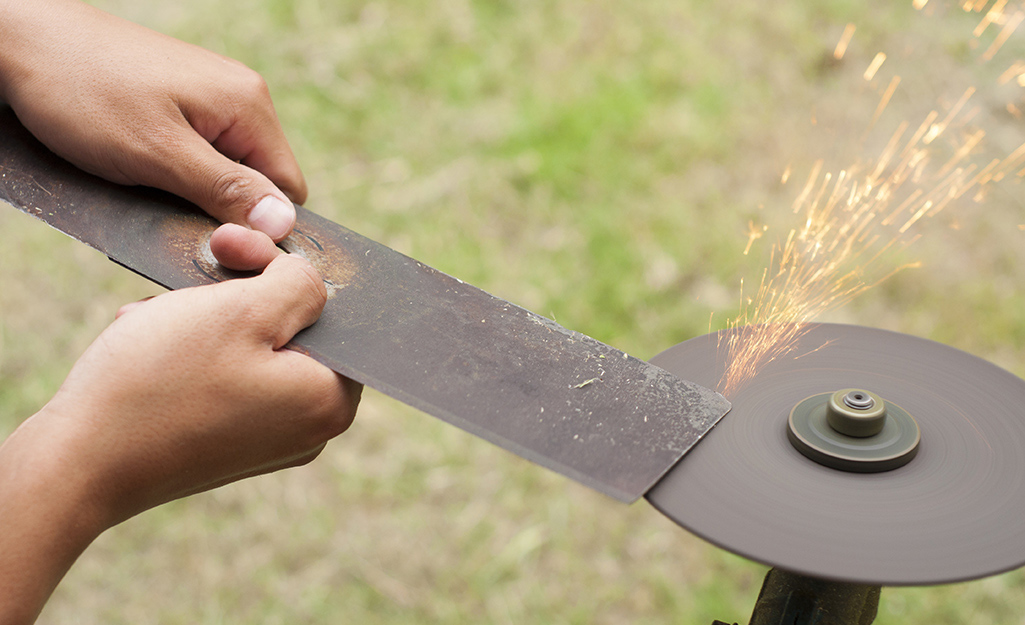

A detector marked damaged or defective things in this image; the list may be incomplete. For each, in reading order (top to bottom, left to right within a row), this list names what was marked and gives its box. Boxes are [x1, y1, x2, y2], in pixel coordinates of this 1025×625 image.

rusty metal blade [0, 104, 729, 497]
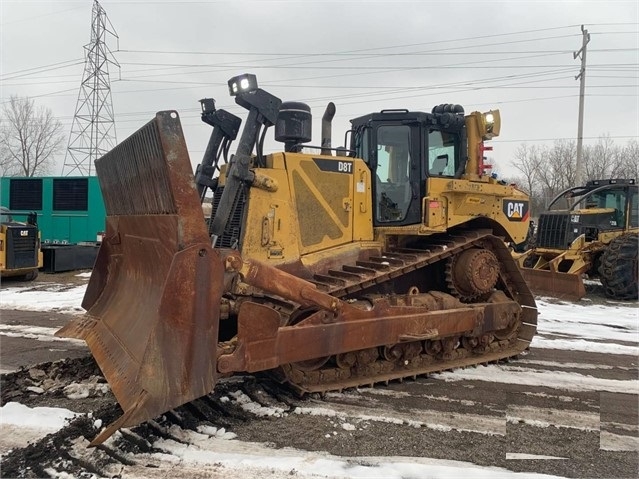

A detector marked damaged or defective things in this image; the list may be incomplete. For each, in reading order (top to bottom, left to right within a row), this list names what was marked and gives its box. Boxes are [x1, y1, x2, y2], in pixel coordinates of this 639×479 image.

rusty blade surface [56, 110, 225, 444]
rusty blade surface [520, 266, 584, 300]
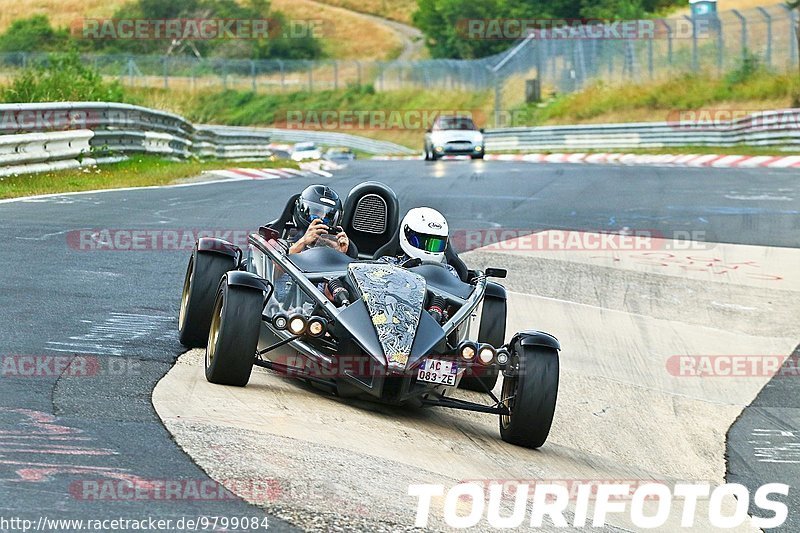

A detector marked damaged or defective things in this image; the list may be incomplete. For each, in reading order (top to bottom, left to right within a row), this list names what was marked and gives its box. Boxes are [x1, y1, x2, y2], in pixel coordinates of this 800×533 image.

exposed front wheel [182, 247, 239, 348]
exposed front wheel [203, 278, 262, 386]
exposed front wheel [500, 342, 556, 446]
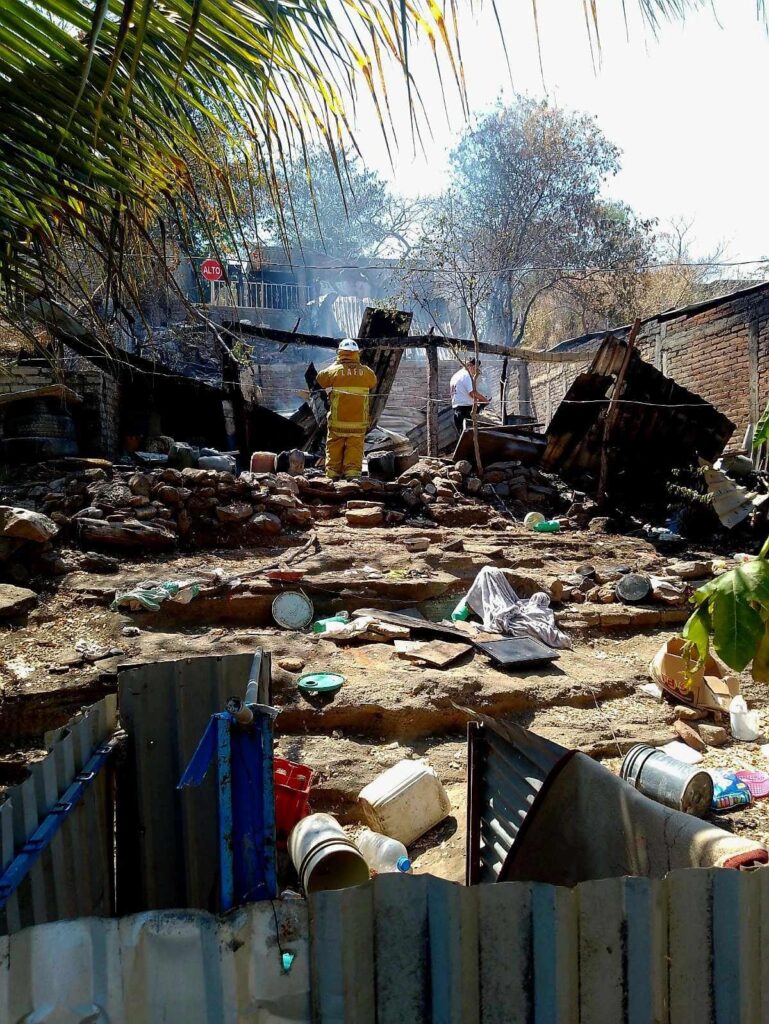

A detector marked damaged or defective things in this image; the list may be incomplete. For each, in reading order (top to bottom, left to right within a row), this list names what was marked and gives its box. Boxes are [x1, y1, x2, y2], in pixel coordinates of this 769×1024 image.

rusted metal sheet [536, 331, 737, 499]
rusted metal sheet [0, 696, 116, 937]
rusted metal sheet [115, 647, 268, 913]
rusted metal sheet [3, 901, 309, 1019]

——

## Task brief
Transcribe only the lines from the line holding "this 800×533 image." to the final line of the listing above. Keep them exact, include both ends, and skip the pictures.

## Task output
A detector marked damaged or defective things in this image; the list may be incomplete. For each, in reading order (top to bottom, left to right within a row), this list names what was marked and gives its box. Boxes are [x1, y1, x2, y2], in pixel coordinates of this 800×533 image.

exposed front wheel [182, 247, 239, 348]
exposed front wheel [203, 278, 262, 386]
exposed front wheel [500, 342, 556, 446]

A detector marked damaged or defective things in this image; the list may be incomplete. For each, in reading order (top to bottom, left to right within a row), this list names what was marked and gives its box. Boxes are [x1, y1, x2, y2], in pixel coordinates of this 769×1024 image.

rusted metal sheet [536, 331, 737, 499]
rusted metal sheet [0, 696, 116, 937]
rusted metal sheet [115, 647, 268, 913]
rusted metal sheet [3, 901, 309, 1019]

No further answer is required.